>>>

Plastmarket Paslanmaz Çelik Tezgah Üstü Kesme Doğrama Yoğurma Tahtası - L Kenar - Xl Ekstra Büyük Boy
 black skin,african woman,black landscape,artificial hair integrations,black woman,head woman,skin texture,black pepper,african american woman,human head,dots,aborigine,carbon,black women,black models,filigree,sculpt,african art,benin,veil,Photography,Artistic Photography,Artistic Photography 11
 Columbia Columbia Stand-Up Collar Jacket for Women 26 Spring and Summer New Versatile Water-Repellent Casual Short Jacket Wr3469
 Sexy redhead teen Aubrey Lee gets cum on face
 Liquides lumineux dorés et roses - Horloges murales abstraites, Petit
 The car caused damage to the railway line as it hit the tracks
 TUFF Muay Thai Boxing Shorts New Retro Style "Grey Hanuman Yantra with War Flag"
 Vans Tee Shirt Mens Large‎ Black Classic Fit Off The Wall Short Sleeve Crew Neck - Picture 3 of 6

<<<

- **TASK OBJECTIVE**: Both the first line of the records above and the line containing "Liquides lumineux dorés" are to be transcribed exactly, together with every line between them, and nothing else.

- **TASK OUTPUT**:
Plastmarket Paslanmaz Çelik Tezgah Üstü Kesme Doğrama Yoğurma Tahtası - L Kenar - Xl Ekstra Büyük Boy
 black skin,african woman,black landscape,artificial hair integrations,black woman,head woman,skin texture,black pepper,african american woman,human head,dots,aborigine,carbon,black women,black models,filigree,sculpt,african art,benin,veil,Photography,Artistic Photography,Artistic Photography 11
 Columbia Columbia Stand-Up Collar Jacket for Women 26 Spring and Summer New Versatile Water-Repellent Casual Short Jacket Wr3469
 Sexy redhead teen Aubrey Lee gets cum on face
 Liquides lumineux dorés et roses - Horloges murales abstraites, Petit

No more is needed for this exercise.